A less hopeful harbinger of the future: someone in Serbia — most likely the government — seems to have used sonic weapons to disperse a 100K+ strong crowd of peaceful protestors. Here is a convincing audio analysis, and here are a few videos. Coming soon to a protest near you.
Facts about the District’s budget from DC council member Charles Allen:
Like any other state, DC’s budget is mostly funded through local tax revenue and fees. About 25% of our budget is from federal programs, largely Medicaid and Medicare, in line with or lower than most US states.
The DC Council and Mayor have collaborated to pass 28 consecutive balanced budgets.
DC continues to have one of the strongest bond ratings of any municipality in the country and has fully funded its pensions.
DC is the only jurisdiction in the nation that budgets out four years on the operations side and six on the capital side to ensure responsible spending.
So if you are reading the history of the 20th century, and come to the 1930s, and you ask yourself “how could people have allowed this to happen”, well, this is how. IYIs too smart for their own good, accepting a guaranteed disaster to prevent an inconvenience.

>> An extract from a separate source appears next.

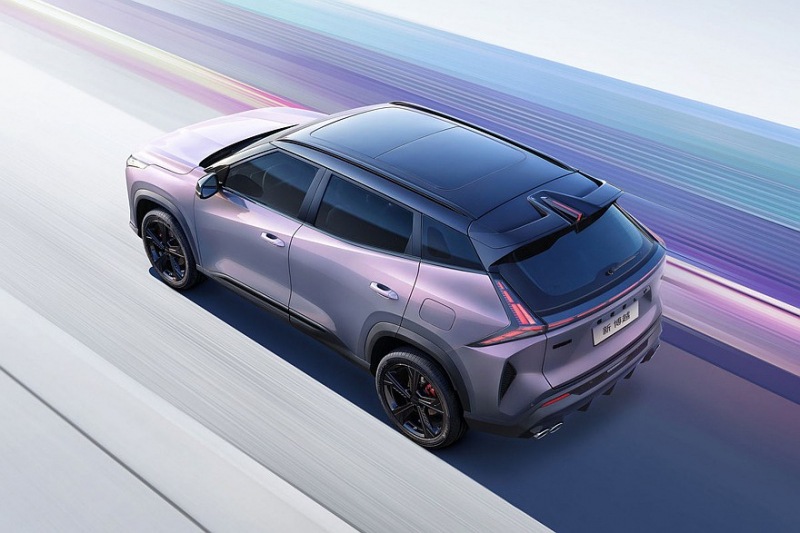 Преемник Geely Atlas получает что-то новенькое: уже не круто, но дешевле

There is also the small matter of DC city government not being allowed to spend $1.1B of its own money — which it had already collected! — because who needs police and public schools? The colonies revolted for less.
Today’s FT essay on the rise of the anti-vaccine movement was a miss. Instead of asking why so many people lost trust in institutions it goes straight to politics: 10 paragraphs on Germany’s AfD, no mention of whether some of the people’s concerns were valid. With that, the movement can only grow.
FT: Myths of Europe’s overregulation
I appreciate a contrarian take, but this one from FT on European overregulation (the take — it’s not any worse than America) is just plain wrong. For example:
It’s not just Europe. The most recent “revolt” is explicitly premised on the claim that Europe has been falling behind US growth because it is more heavily regulated. But stop and think for a second: aren’t Americans complaining just as much about red tape? The US, too, is a master of throwing bureaucratic spanners in the wheels […]
In fact, those who measure such things find that the EU has more streamlined regulation than the US. Every five years, the OECD collects data on how competition-friendly its member states’ regulation is. Below is the 2023 vintage, for both the overall indicator and the sub-indicator “Administrative and regulatory burden”.
Pulling a lumbering bureaucracy’s stats sheet to show you’re not bureaucratic is a beautifully European thing to do. Never mind that the chart it shows are each individual country’s rules and regulations. The EU by itself has yet another set or rules, cast as a pall over any hope you may have that doing business in a member country will be smooth painless.